What you should do> Copy the data that appears below exactly. Drop the pictures.

○ ○ ○ ○

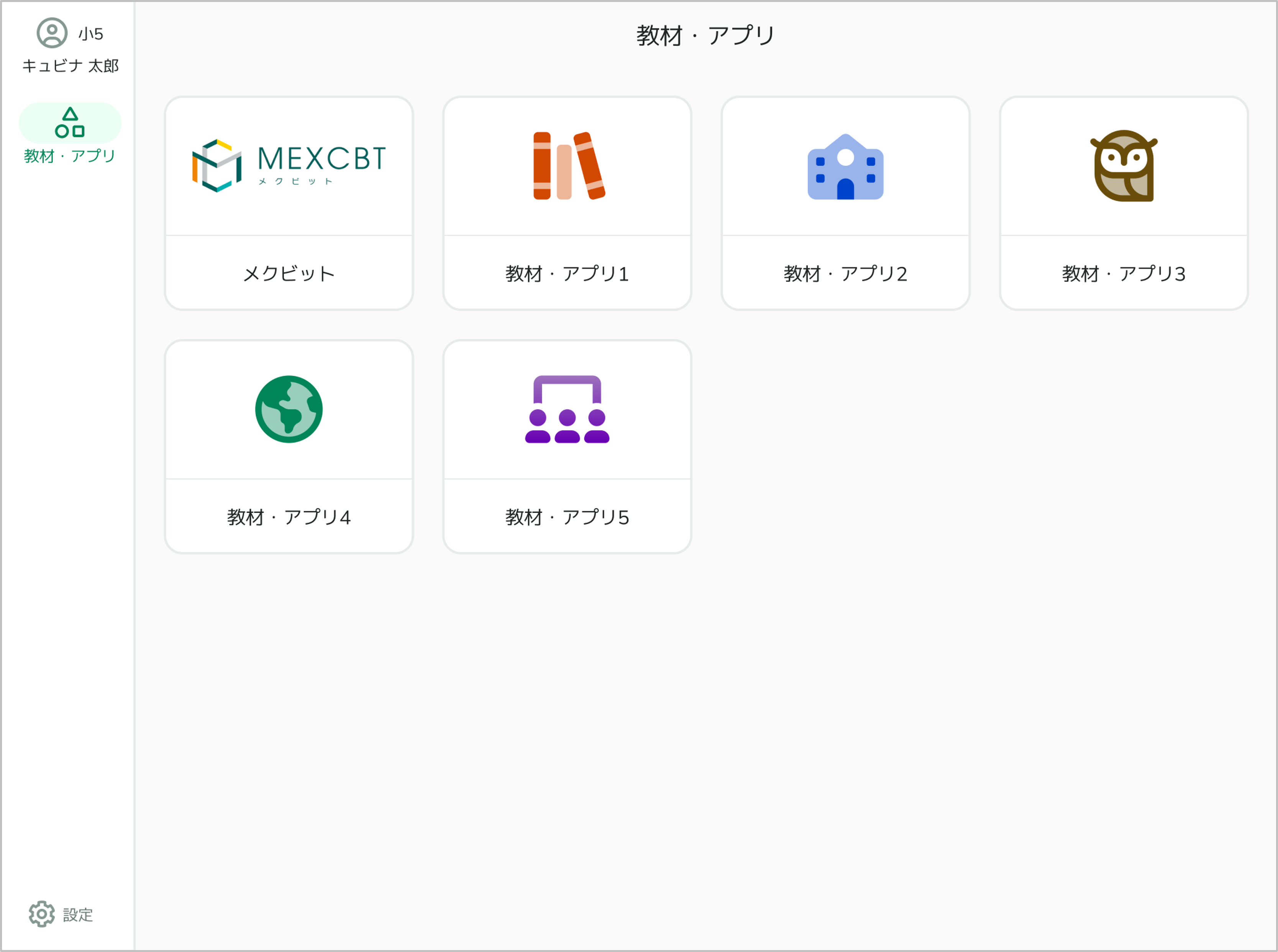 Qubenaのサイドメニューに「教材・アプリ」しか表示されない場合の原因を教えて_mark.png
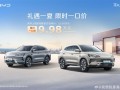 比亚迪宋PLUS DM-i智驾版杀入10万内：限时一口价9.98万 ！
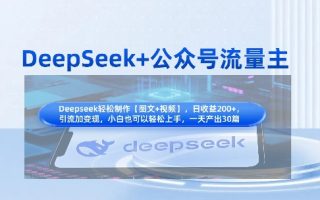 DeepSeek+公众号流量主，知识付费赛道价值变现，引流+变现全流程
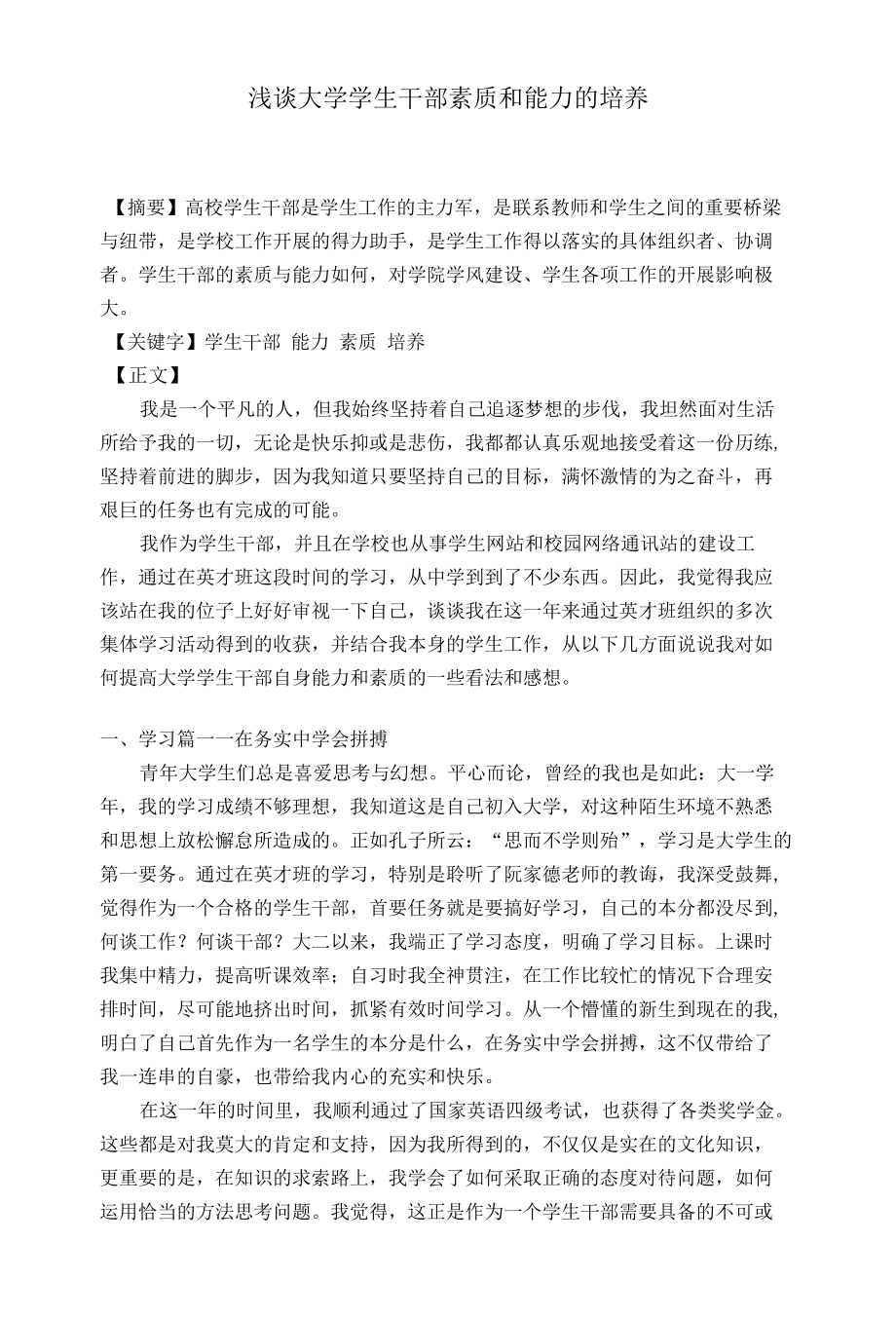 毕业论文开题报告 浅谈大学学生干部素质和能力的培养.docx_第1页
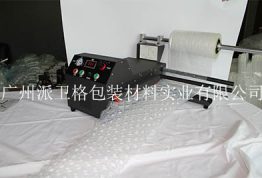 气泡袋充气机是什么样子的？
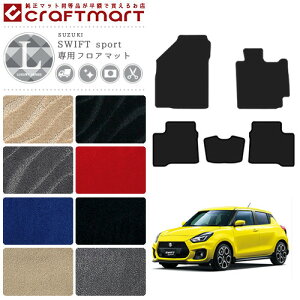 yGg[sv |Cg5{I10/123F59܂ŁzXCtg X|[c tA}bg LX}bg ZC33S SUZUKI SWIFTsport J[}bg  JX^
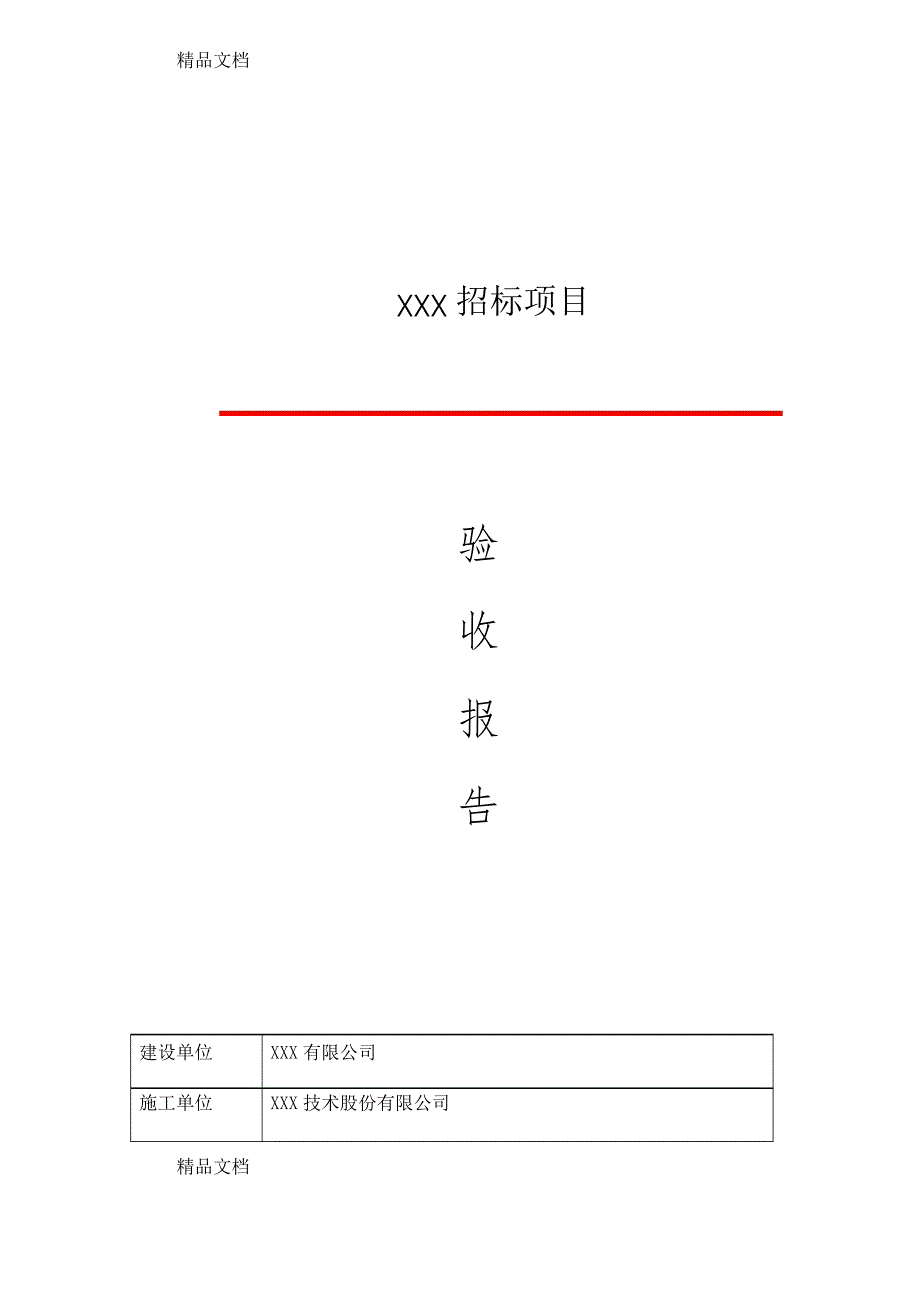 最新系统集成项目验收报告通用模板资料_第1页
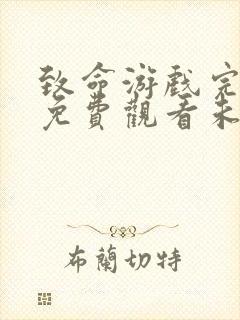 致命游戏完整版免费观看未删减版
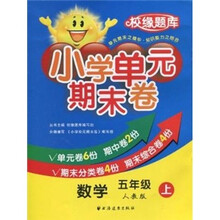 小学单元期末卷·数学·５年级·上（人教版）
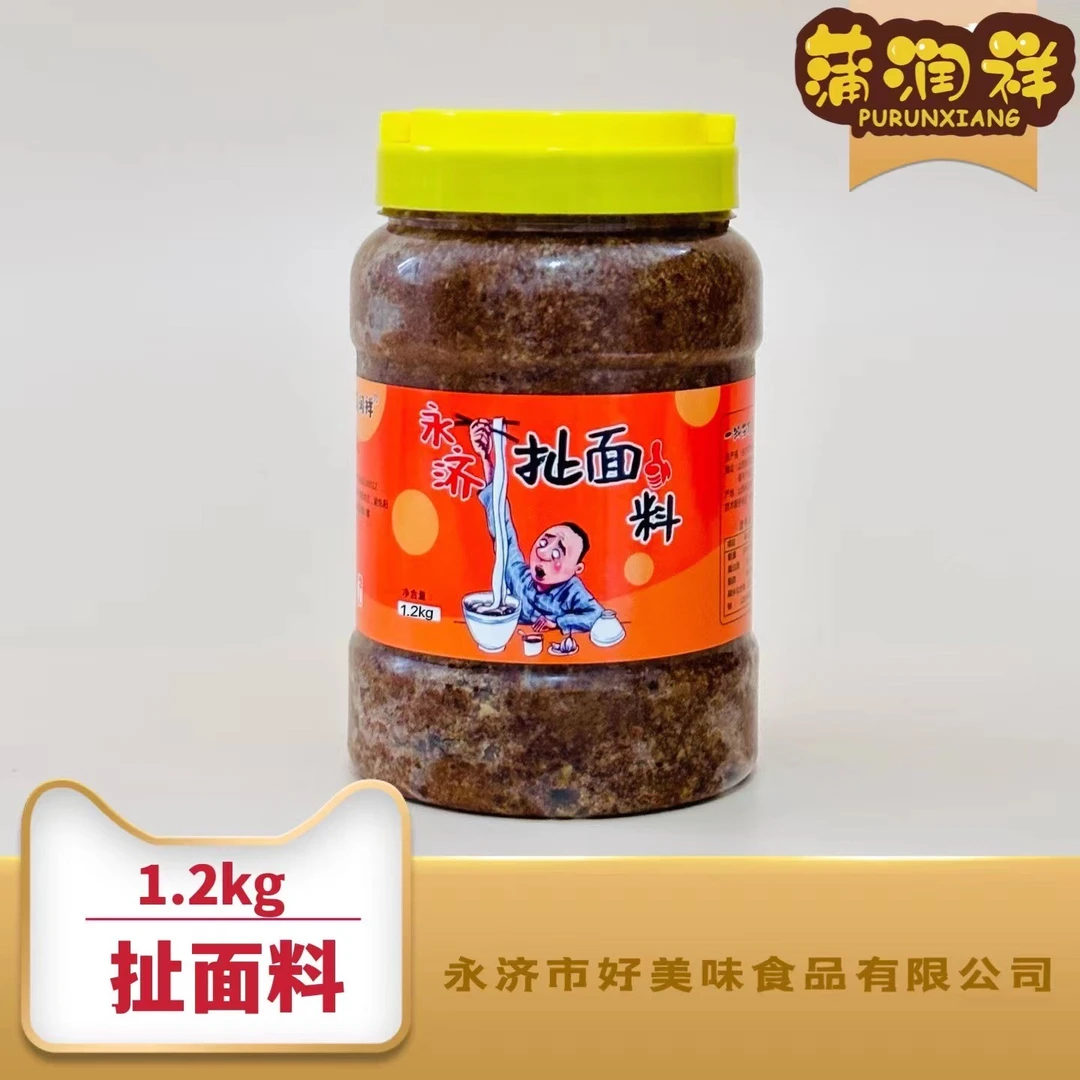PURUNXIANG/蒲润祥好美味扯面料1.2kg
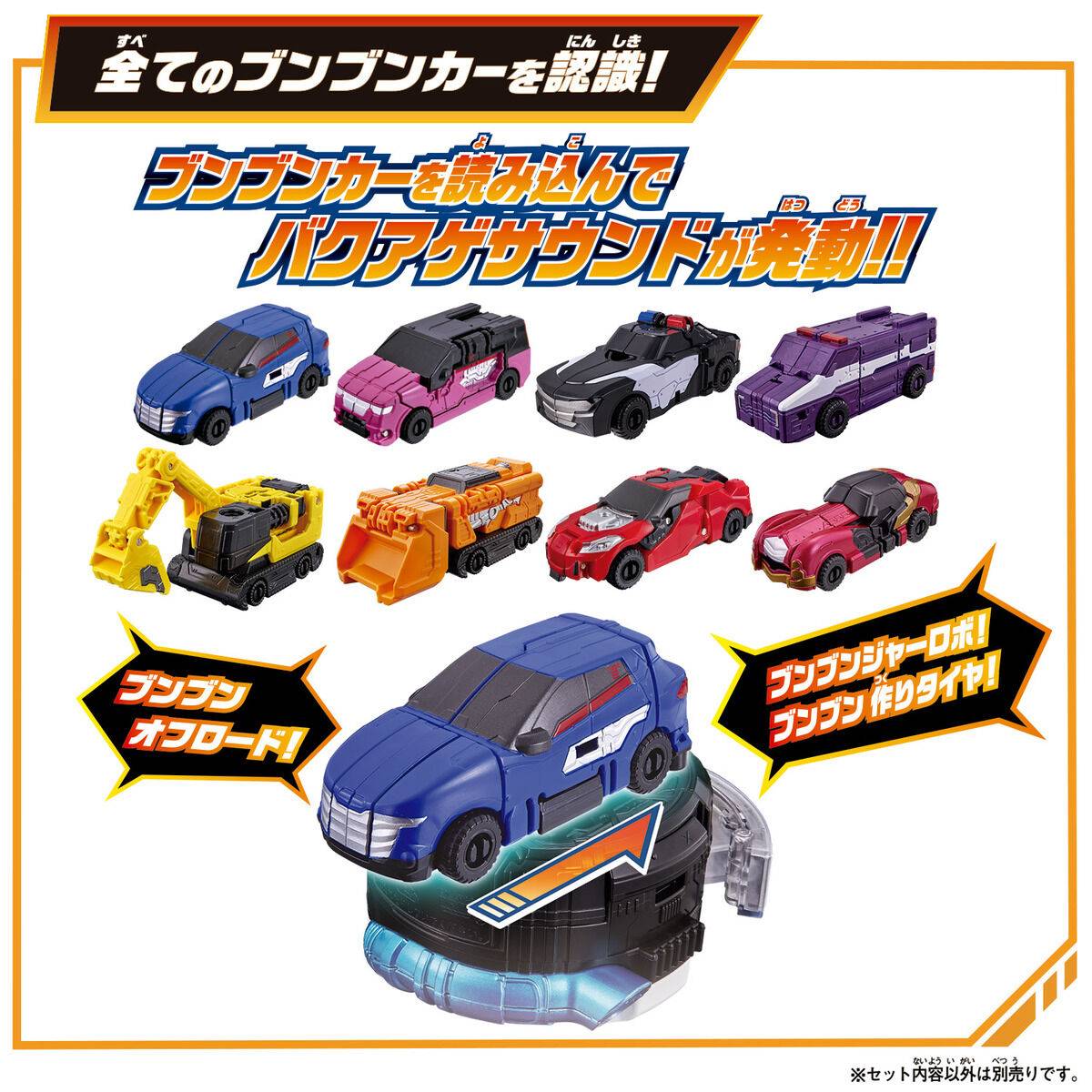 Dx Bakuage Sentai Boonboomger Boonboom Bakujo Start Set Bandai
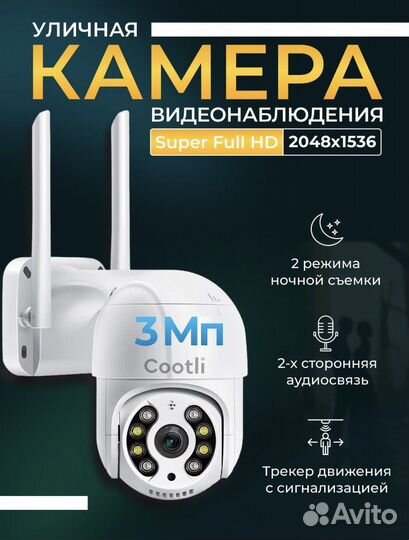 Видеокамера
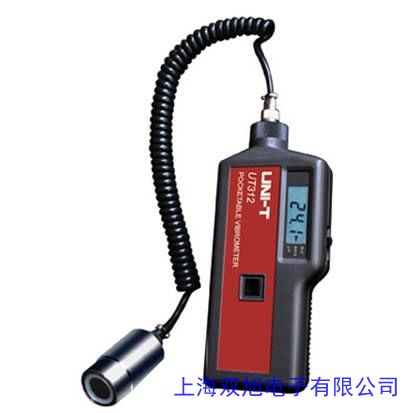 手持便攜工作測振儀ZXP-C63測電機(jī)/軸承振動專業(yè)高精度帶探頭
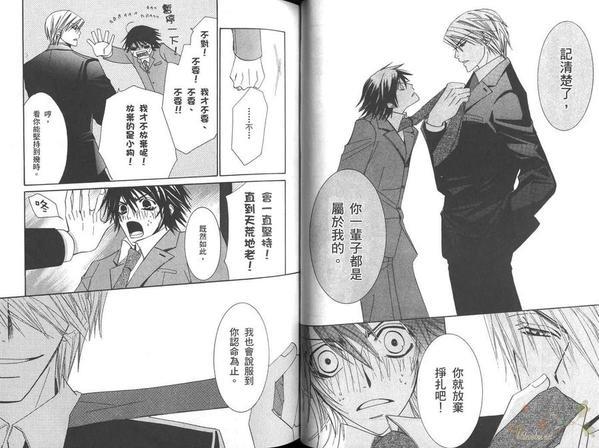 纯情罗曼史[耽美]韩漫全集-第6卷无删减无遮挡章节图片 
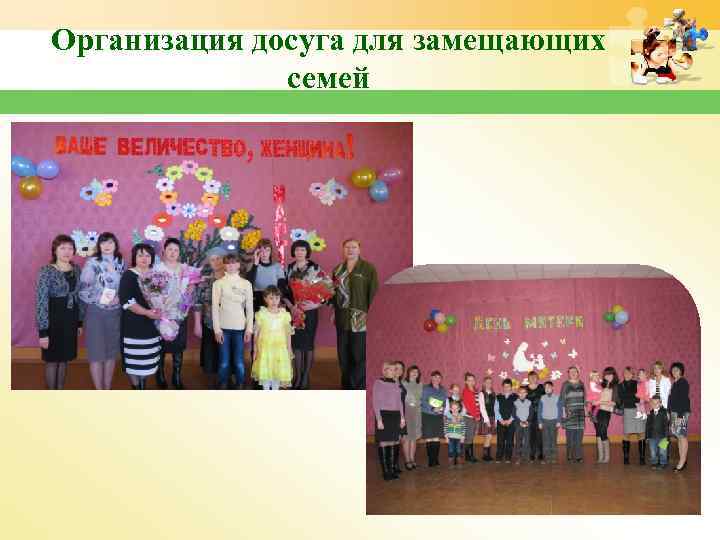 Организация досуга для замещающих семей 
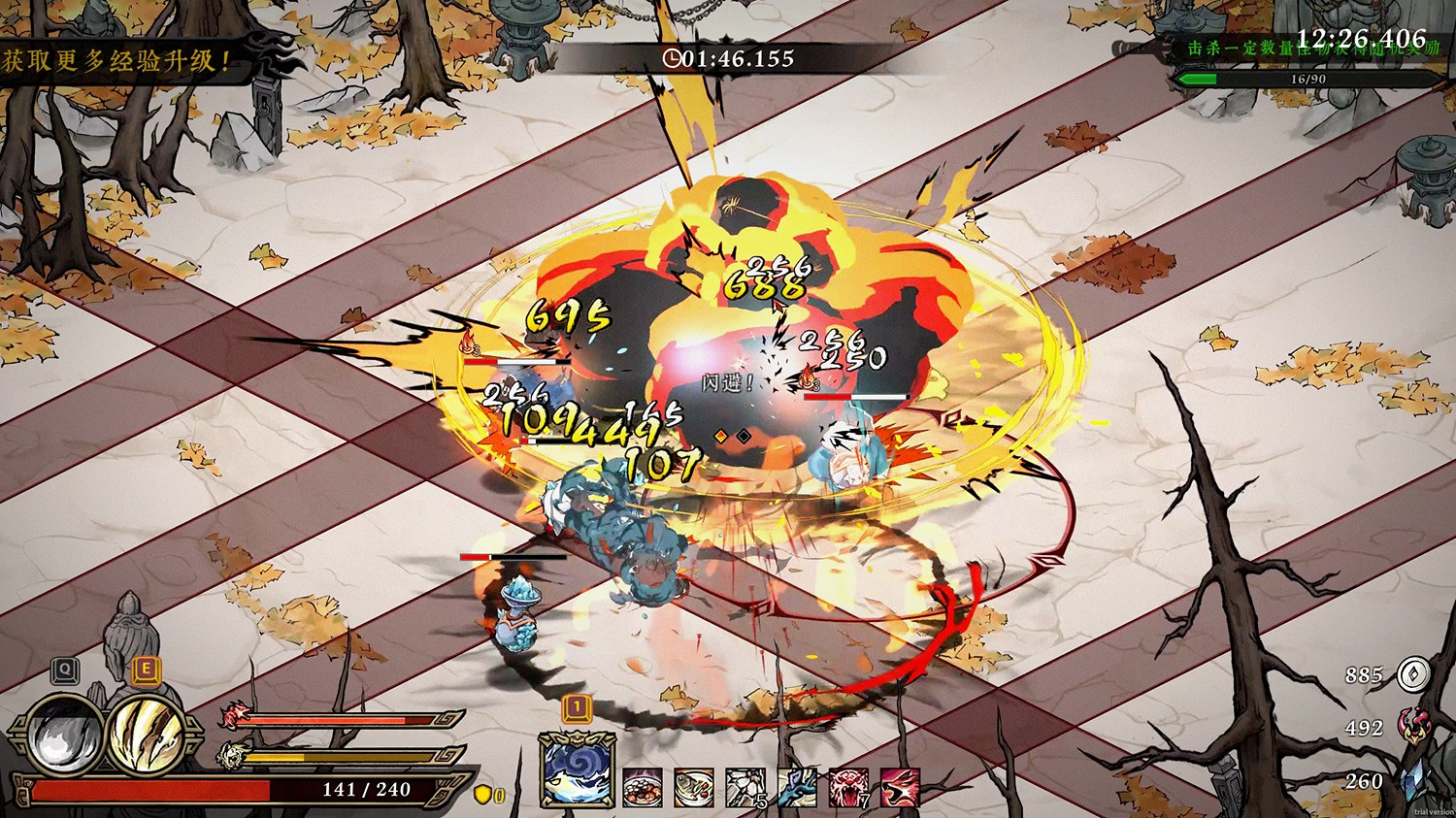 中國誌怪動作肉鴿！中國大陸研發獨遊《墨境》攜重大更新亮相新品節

○ ○ ○ ○

Your response>
 Qubenaのサイドメニューに「教材・アプリ」しか表示されない場合の原因を教えて_mark.png
 比亚迪宋PLUS DM-i智驾版杀入10万内：限时一口价9.98万 ！
 DeepSeek+公众号流量主，知识付费赛道价值变现，引流+变现全流程
 毕业论文开题报告 浅谈大学学生干部素质和能力的培养.docx_第1页
 气泡袋充气机是什么样子的？
 yGg[sv |Cg5{I10/123F59܂ŁzXCtg X|[c tA}bg LX}bg ZC33S SUZUKI SWIFTsport J[}bg  JX^
 最新系统集成项目验收报告通用模板资料_第1页
 致命游戏完整版免费观看未删减版
 小学单元期末卷·数学·５年级·上（人教版）
PURUNXIANG/蒲润祥好美味扯面料1.2kg
 Dx Bakuage Sentai Boonboomger Boonboom Bakujo Start Set Bandai
 Видеокамера
 手持便攜工作測振儀ZXP-C63測電機(jī)/軸承振動專業(yè)高精度帶探頭
 纯情罗曼史[耽美]韩漫全集-第6卷无删减无遮挡章节图片 
 Организация досуга для замещающих семей 
 中國誌怪動作肉鴿！中國大陸研發獨遊《墨境》攜重大更新亮相新品節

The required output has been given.